Which was just as well, for the scarred man furnished none. Seldom chipper at breakfast, he grew nettlesome when he found his plans inexplicably awry. He expected plans to go awry. It was in their nature. But he at least expected the glitches to be explicable.
“What do you mean, you plan to keep going?” he asked.
The harper was drinking her usual breakfast of black coff, known locally as kohii . “Boldly Go isn’t that far down the Concourse,” she said over the cup. “It was her next stop, and you can’t go planetside there anyway. Why should it bother you?”
“It doesn’t bother me. Only, it’s foolish; and I hadn’t thought you a foolish woman. Beside, it’s outside the Ourobouros Circuit. What if you get in trouble? What will I tell Zorba?”
“Tell him I released you from your promise.”

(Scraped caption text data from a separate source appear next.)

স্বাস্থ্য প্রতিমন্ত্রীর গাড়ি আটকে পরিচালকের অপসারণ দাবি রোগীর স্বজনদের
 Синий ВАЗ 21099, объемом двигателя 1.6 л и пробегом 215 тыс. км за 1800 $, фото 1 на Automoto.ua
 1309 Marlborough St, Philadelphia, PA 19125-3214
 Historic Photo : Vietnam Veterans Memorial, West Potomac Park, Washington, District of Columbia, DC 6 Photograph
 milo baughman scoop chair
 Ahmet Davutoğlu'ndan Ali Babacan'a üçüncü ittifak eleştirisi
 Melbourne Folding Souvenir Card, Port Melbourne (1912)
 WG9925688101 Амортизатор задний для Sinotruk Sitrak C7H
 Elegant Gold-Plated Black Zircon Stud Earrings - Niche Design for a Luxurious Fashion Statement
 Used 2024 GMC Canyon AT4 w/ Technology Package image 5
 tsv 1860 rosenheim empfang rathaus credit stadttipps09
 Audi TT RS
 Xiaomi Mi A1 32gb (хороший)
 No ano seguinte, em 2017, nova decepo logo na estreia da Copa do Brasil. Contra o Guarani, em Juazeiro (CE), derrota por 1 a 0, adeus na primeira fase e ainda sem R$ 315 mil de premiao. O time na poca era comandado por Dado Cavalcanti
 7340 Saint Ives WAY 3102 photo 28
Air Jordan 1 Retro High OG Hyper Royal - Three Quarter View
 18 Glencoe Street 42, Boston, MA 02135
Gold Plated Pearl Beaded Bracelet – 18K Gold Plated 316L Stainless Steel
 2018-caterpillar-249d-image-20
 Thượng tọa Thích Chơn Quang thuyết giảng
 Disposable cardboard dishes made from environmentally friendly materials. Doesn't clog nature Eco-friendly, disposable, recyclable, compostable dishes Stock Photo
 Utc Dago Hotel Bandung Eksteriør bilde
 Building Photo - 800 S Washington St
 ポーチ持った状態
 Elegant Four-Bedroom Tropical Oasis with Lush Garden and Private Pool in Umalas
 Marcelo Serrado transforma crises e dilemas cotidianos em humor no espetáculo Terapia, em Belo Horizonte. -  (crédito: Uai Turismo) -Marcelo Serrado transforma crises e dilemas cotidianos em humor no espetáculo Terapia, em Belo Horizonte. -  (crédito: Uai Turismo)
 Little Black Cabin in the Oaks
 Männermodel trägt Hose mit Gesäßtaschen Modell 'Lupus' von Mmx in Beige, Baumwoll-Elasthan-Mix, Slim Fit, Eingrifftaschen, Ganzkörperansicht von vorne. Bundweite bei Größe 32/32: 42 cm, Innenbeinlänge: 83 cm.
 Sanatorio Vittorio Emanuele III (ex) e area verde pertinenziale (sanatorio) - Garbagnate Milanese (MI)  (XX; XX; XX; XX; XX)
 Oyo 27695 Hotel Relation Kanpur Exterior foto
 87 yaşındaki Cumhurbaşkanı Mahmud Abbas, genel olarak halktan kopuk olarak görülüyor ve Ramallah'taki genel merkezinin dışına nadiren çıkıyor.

Donovan grunted. “I don’t think it works that way.”
Billy Chins placed a plate of freshly baked biscuits on the table between them and backed away. “Biscuits pliis sahb?” he said, cringing slightly.
“Did you look at the files I sent you last night?” Méarana asked.
The scarred man scowled, wiped his chin with the back of his hand, and looked at the clock. He raised his eyebrows.
The harper relented. “All right, you need your beauty sleep more than most. Look at them, and then we’ll talk.”
“Do biscuits pliis sahb?” Billy asked again.
Donovan turned to him and said, “Will you sit down and be quiet, boy?”
Billy ducked. “Yes, sahb. Billy sit him down jildy.” He took a seat at the table and picked a biscuit from the platter, though he nibbled it with no great sign of appetite. Méarana opened her mouth to say something, but Billy turned beseeching eyes in her direction and so she said nothing.